• Raw data:

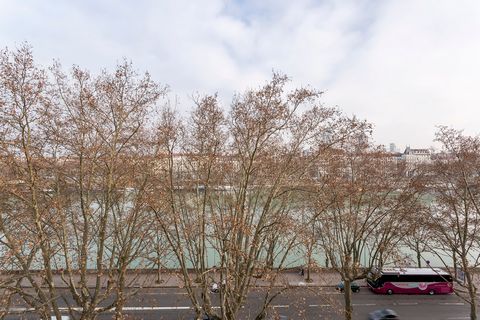 photo no. 18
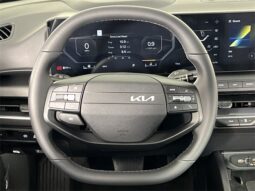 
										Kia K4 full									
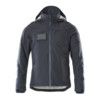 ACCELERATE WINTER JACKET DARK NAVY (XS) thumbnail-0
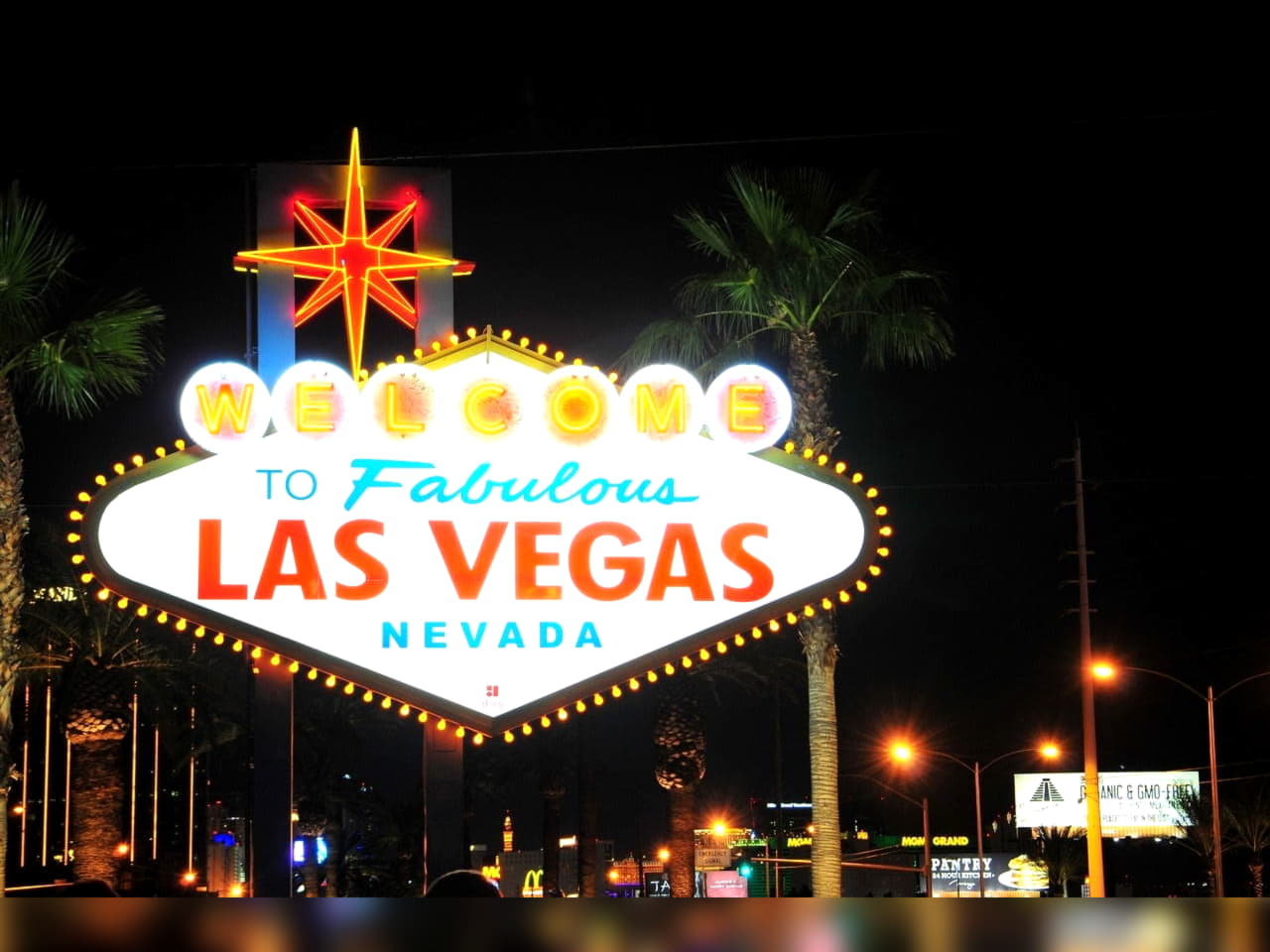 $365 FREE CASINO CHIP at Casino Las Vegas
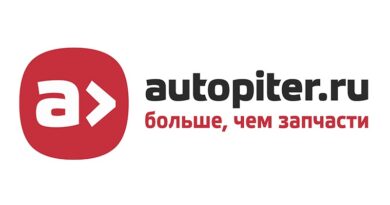 Autopiter: автозапчасти оптом. с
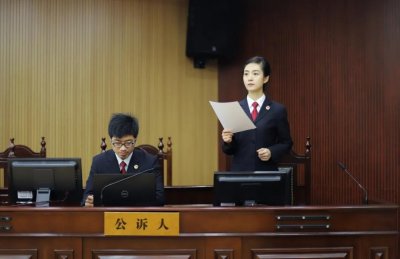 ​王帆：新时代最美奋斗者的青春之歌｜全国先进工作者
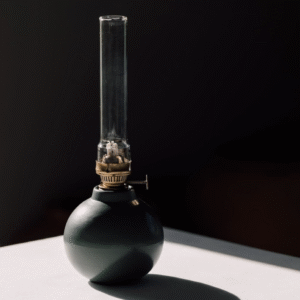 Ekran Resmi 2025 10 14 23.28.49 300x300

• Task goal:
From the material above, set down each entry exactly, but exclude the pictures.

• Output of the exercise:
 photo no. 18
										Kia K4 full									
 ACCELERATE WINTER JACKET DARK NAVY (XS) thumbnail-0
 $365 FREE CASINO CHIP at Casino Las Vegas
 Autopiter: автозапчасти оптом. с
 ​王帆：新时代最美奋斗者的青春之歌｜全国先进工作者
 Ekran Resmi 2025 10 14 23.28.49 300x300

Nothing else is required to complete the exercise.